On examination the lower abdomen is tender, and on pelvic examination bimanual palpation of the lateral vaginal fornices is excruciatingly painful.

In particularly virulent infections pus may collect in the Fallopian tube, producing a pyosalpinx, or the infection may spread to the ovaries.

Low-grade infections will either be symptomless or associated with non-specific lower abdominal pain.

Treatment

In most cases treatment should be started before the exact infective agent has been identified. In severely ill patients antibiotics should be started intravenously. In less severe cases intramuscular or oral antibiotics should be given. Because of the frequent association of chlamydia and gonococcal infection, and the increasing prevalence of penicillin-resistant N. gonorrhoeae, the Center for Disease Control in the USA and the Therapeutic Guidelines in Australia recommend that the current treatment of doxycycline and metronidazole should be replaced with a single dose of probenecid 1 g and ceftriaxone 250 mg intramuscularly (one dose), followed by doxycycline 100 mg orally twice daily for 14–21 days. Alternative regimens include clindamycin 450 mg four times a day for 10 days, or gentamicin 4–6 mg/kg IV daily.

In severe infections, including tubo-ovarian abscess, intravenous treatment should be started with cefoxitin 2 g four times daily plus doxycycline 100 mg twice daily. This regimen is continued for 4 days and is followed by doxycycline 100 mg twice daily for a further 10 days. Such cases may require either surgical or radiologically guided drainage.

Oral azithromycin 1 g stat has a major role in combating bacterial sexually transmitted diseases, particularly chlamydia infections, and may be superior to other treatments. As the recommended antibiotic treatment is constantly changing it is important for the doctor to keep up to date and adopt the latest recommendations.

Surgery is indicated if the drug treatment fails in the presence of obvious abscesses that do not respond to antibiotics. The surgery should be as conservative as possible, drainage being preferred. ‘Total clearance’ of the genital organs is rarely indicated.

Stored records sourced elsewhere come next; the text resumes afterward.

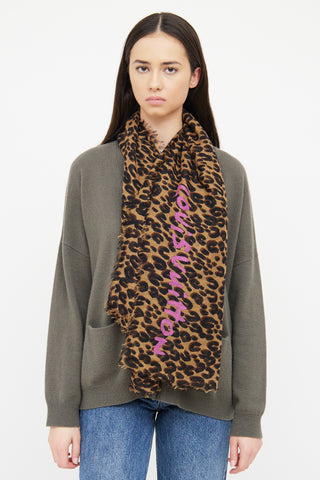 Louis Vuitton X Sprouse Brown Printed Scarf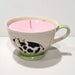 Cow Mug Soy Candle - Moonstone Moss Scent, Handmade in Australia - Free Shipping - AMD Touring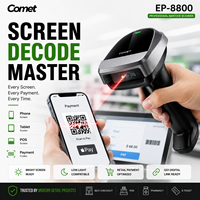 Escáner de Código de Barras 2D Comet EP-8800, Lector de Códigos QR Portátil para Punto de Venta Minorista, Pago Móvil, OEM, ODM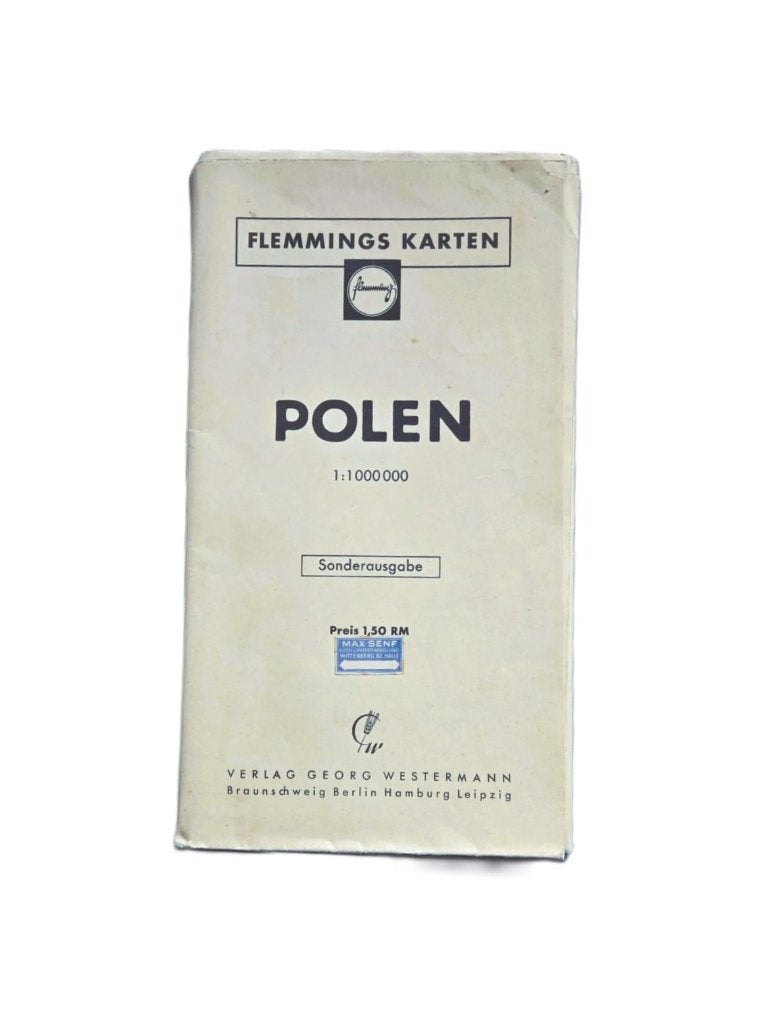 Duitse landkaart van Polen uit 1939., Ophalen of Verzenden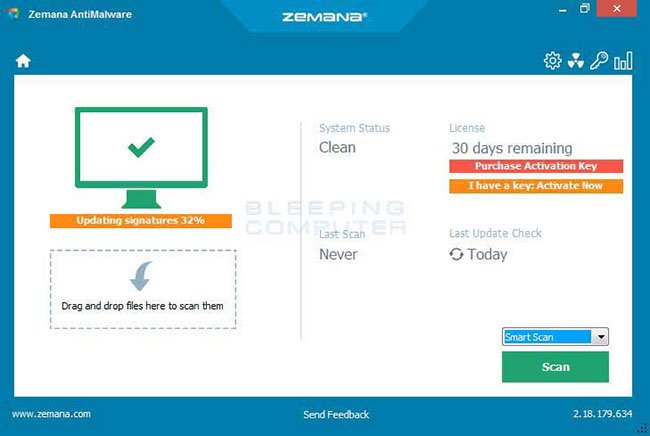 Zemana sẽ tự động khởi động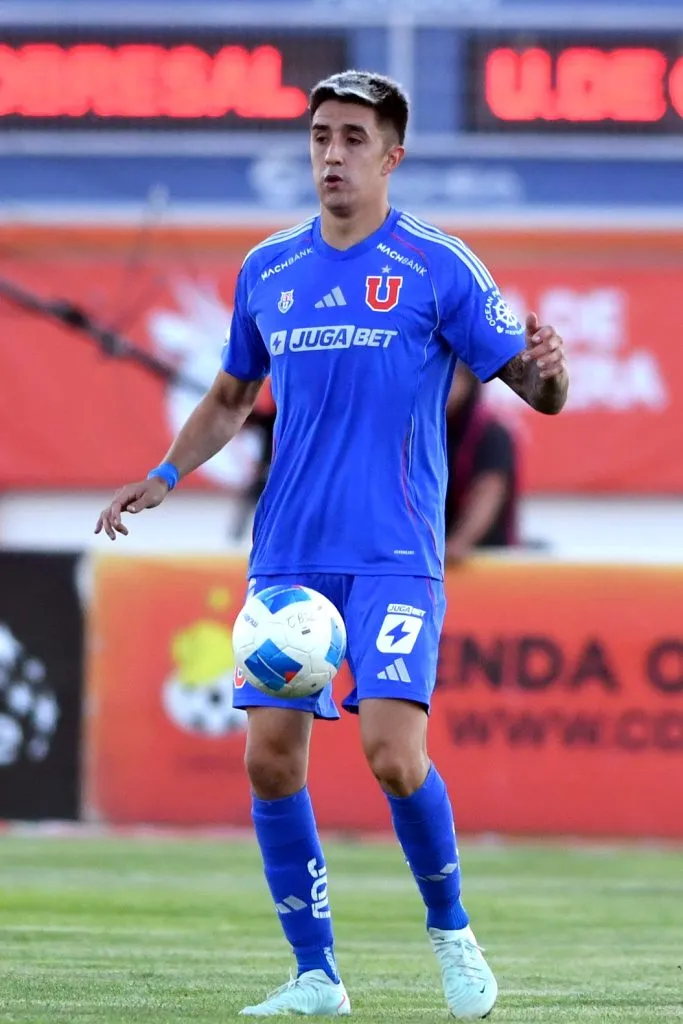 Ignacio Tapia perdió consideración para Gustavo Álvarez en U de Chile (Photosport)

Chronic genital infection (chronic PID)

Chronic genital infection is a long-term sequela of acute or subacute infection and may follow post-abortion or puerperal infection. It may present as a pyosalpinx, a hydrosalpinx or a chronic tubo-ovarian abscess (Fig. 33.8). In other cases the infection involves the connective tissues of the pelvis, causing chronic pelvic cellulitis.

Pyosalpinx

Pyosalpinx, or ‘chronic pus tube’, forms as a result of blockage of the lumen of the oviduct at the fimbrial end and at one or more points along the Fallopian tube. This occurs in the acute phase of the infection, and exudate accumulates, distending the oviduct to a greater or lesser degree (Fig. 33.9). The distension of the oviduct flattens the endosalpinx and the wall of the oviduct is thickened by the inflammatory process. Because the inflammatory process extends through the wall of the oviduct, adhesions to surrounding structures are common. The ovary may be involved to form a chronic tubo-ovarian abscess.

There may be no symptoms, or vague pelvic pain may occur which is intermittent or constant. It is often worse in the premenstrual phase of the menstrual cycle, and some women complain of deep dyspareunia. These symptoms are not specific for chronic pelvic infection and may be due to psychosomatic conditions. The symptoms may vary in severity, possibly because of an exacerbation of the infective process. This may occur months or years after the first infection. Laparoscopy may be needed to establish the diagnosis. In some cases the woman becomes acutely ill.

Treatment of chronic pyosalpinx which is causing symptoms is surgical. The extent of the surgery depends on the severity of the condition and, in general, requires bilateral salpingectomy and often oophorectomy, although some ovarian tissue may be saved. Hysterectomy is also usually performed in case residual infection is present.